Matter article published on Lithium oxychlorides!

Excited to share our latest work published in Matter! 🚀

“Exploring the soft cradle effect and ionic transport mechanisms in the LiMXCl₄ superionic conductor family”

https://lnkd.in/gHRrjzme

In this study, we investigate the crystalline LiMXCl₄ (M = Nb, Ta) oxychloride family—lithium superionic conductors that recently demonstrated an impressive Li-ion conductivity of 12.4 mS/cm at room temperature. But how much higher can we push the conductivity in this framework?

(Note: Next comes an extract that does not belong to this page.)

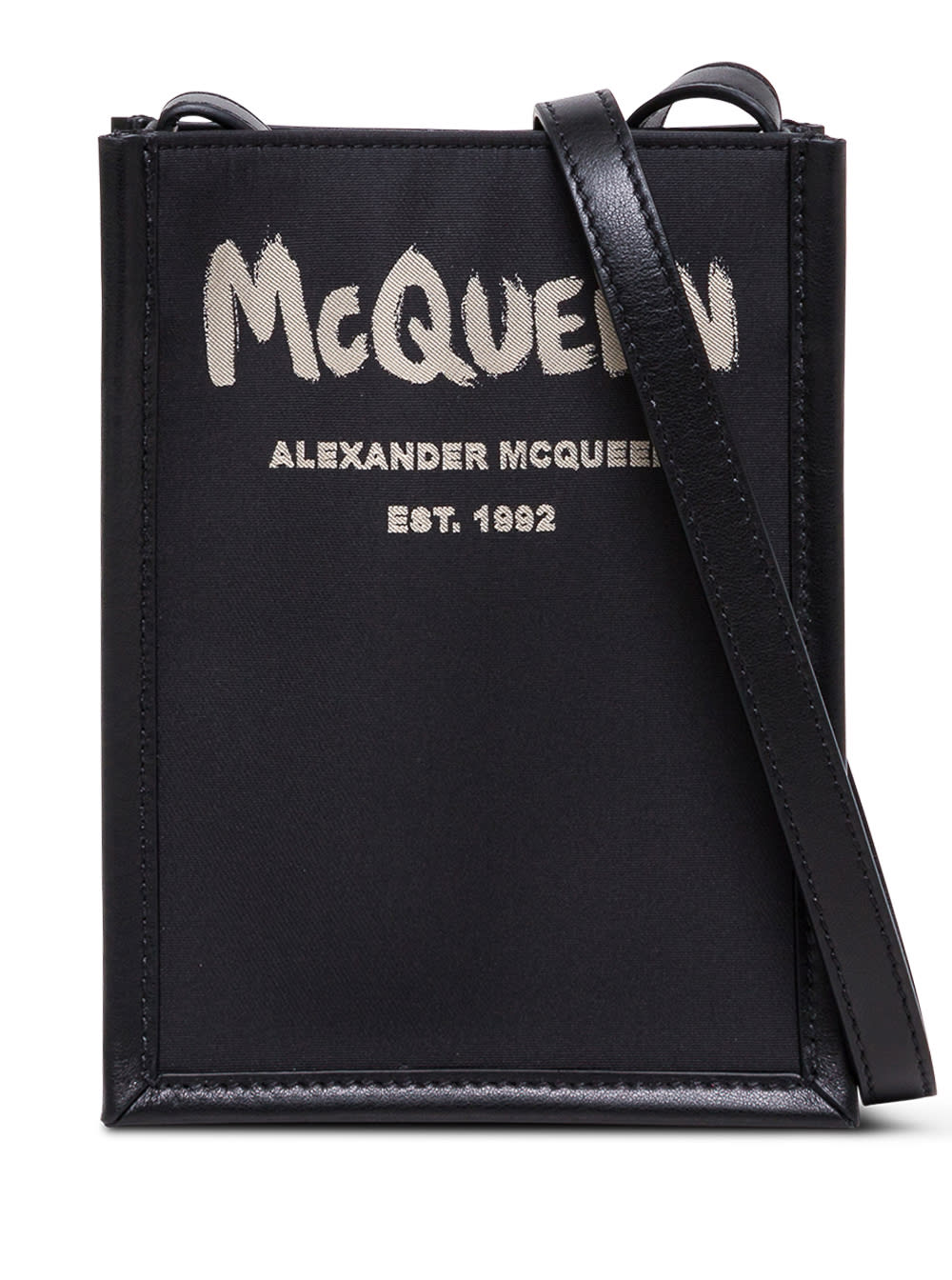 Alexander McQueen Fabric And Leather Crossbody Bag With Logo Print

And what fundamental mechanisms drive such rapid ion transport?

💡 Key findings:

Enhancing stability without compromising conductivity – By tuning cation (M) and anion (X) substitutions, we predict that fluoro-chlorides can offer improved electrochemical stability while maintaining high ionic conductivity.
Pushing conductivity beyond 100 mS/cm – Our analysis shows that the LiMXCl₄ framework can be optimized to achieve conductivities up to 100 mS/cm. Compared to close-packed chlorides and LaCl₃ frameworks, its higher Meyer-Neldel energy provides a clear advantage, enabling even greater conductivity and positioning LiMXCl₄ as a strong catholyte candidate for all-solid-state batteries.
Revealing the “soft cradle effect” – The LiMXCl₄ structures feature a unique 1D chain of octahedra, bound together by weak van der Waals interactions. Our analysis shows that the small-angle tilting motion of these octahedra is often temporally and spatially coupled with Li-ion hops. This behavior is similar to previously studied materials such as Li₃PS₄ and Li₂SO₄, where the isolated PS₄ or SO₄ tetrahedra tilt in response to nearby Li hops, providing additional degrees of freedom to stabilize migration pathways.

It was a great pleasure to work with Grace Wei on this paper. Also thanks to Xiaochen Yang and Yu Chen for their experimental efforts and Gerbrand Ceder for his invaluable support on this project. Looking forward to further experimental exploration of these oxychlorides as potential catholytes!